Building a startup for what you want it to become 37: moving past the initial startup phase 23

Posted in startups by Timothy Platt on April 12, 2019

This is my 37th installment to a series on building a business that can become an effective and even a leading participant in its industry and its business sector, and for its targeted marketplaces (see Startups and Early Stage Businesses and its Page 2 continuation, postings 186 and loosely following for Parts 1-36.)

I have been discussing a succession of business intelligence-related risk management issues in this series since Part 31, and began discussing the challenges of data anonymization as a part of that in Part 36. And my initial goal at least for this posting is to continue my discussion of that complex topic, at least for purposes of this series.

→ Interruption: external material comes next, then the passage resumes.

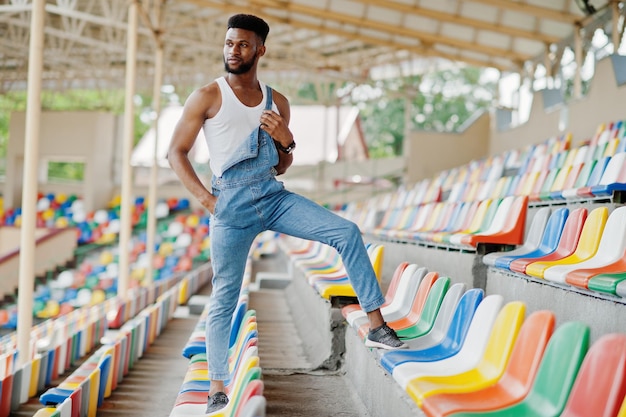 Homem afro-americano bonito de macacão jeans posado em cadeiras coloridas no estádio retrato de homem negro na moda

I began discussing anonymization as a source of risk management concern when handling confidential and personally identifiable information, by pointing out how true, effective anonymization of original data sources is becoming increasingly difficult and even impossible at least as a zero risk goal, as big data becomes bigger and bigger, and as it is more and more effectively organized into actionable patterns. To briefly reiterate the conclusion that I arrived at in my Part 36 narrative, the more comprehensive the overall set of data types collected and the more skillfully and comprehensively they are organized and processed into meaningful actionable patterns, the more and more likely it becomes that even just sets of what would seem to be anonymous data about some individual source, would indicate the values that must have been there for key individually identifying data fields that were redacted for anonymization purposes.

I then concluded Part 36 by stating that I would offer some thoughts here on how to move beyond this current and growing impasse where this tool: data anonymization has so significantly begun to fail us. Then after addressing that, as at least an initial first step response, I said that I will more specifically reconsider the impact that all of this has on:

• Businesses that provide big data as a marketable commodity,
• Businesses that buy access to it (startups included), and
• The ultimate sources of all of this data, with consumers and other individuals prominently included there.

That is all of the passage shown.